**Assigned task**
Once you have found the line with "店員さん達はきびきび働いておられます。_いきなりステーキ南行徳店" in the records below, retype it and every line after it to the end exactly, with no pictures and nothing more.

**Task data**
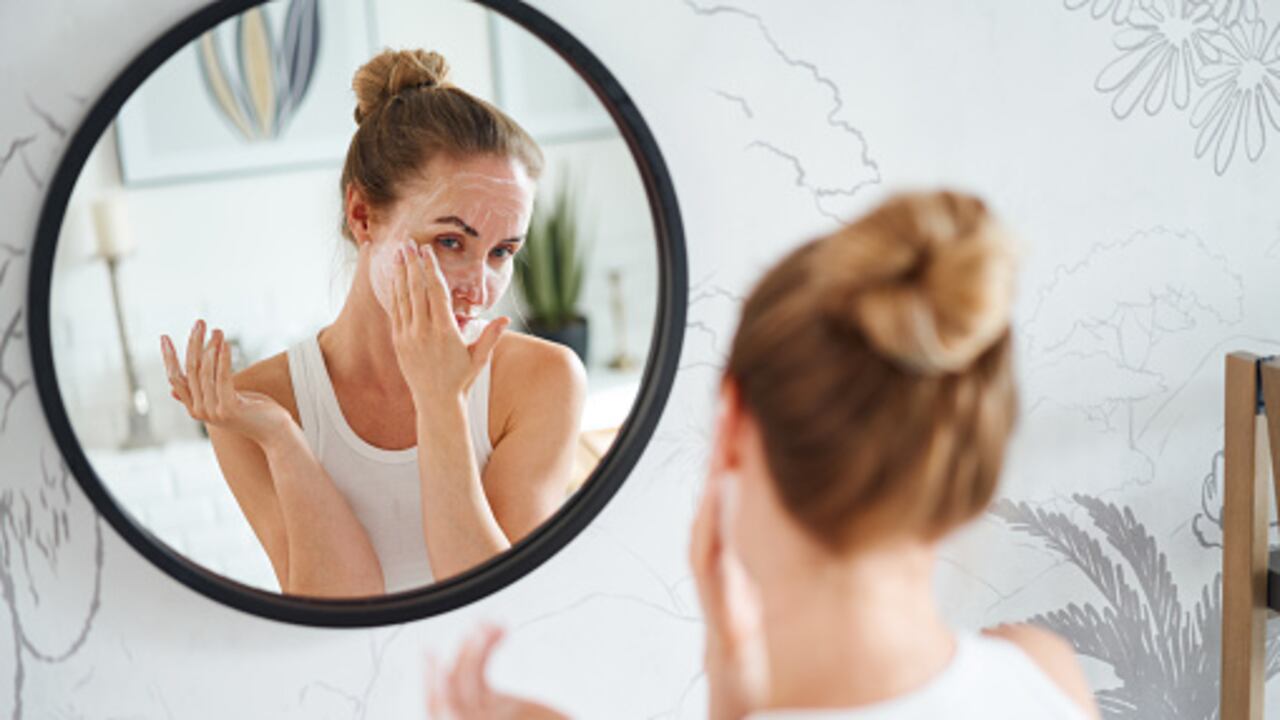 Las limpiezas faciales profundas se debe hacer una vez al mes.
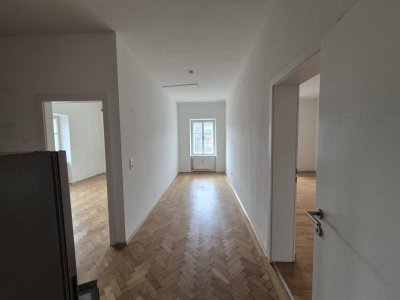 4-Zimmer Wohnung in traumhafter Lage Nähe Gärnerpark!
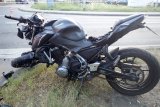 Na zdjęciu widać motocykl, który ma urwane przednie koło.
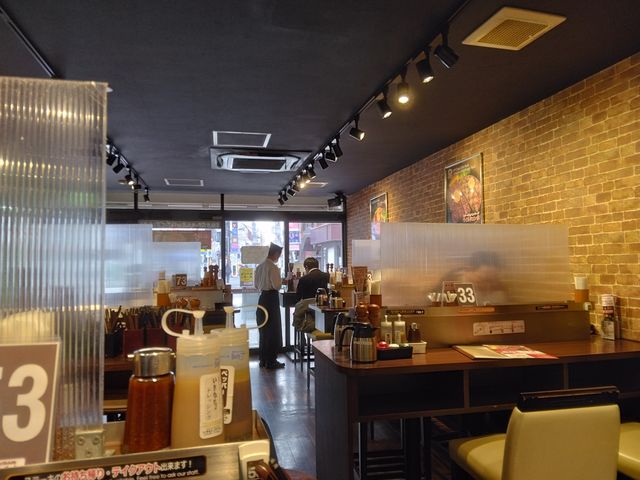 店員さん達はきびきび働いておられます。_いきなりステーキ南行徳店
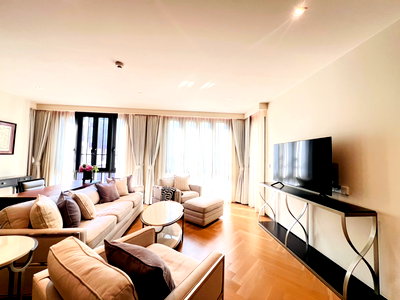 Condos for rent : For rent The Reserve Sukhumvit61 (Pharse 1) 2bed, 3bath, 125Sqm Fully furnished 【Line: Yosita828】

**Exercise output**
 店員さん達はきびきび働いておられます。_いきなりステーキ南行徳店
 Condos for rent : For rent The Reserve Sukhumvit61 (Pharse 1) 2bed, 3bath, 125Sqm Fully furnished 【Line: Yosita828】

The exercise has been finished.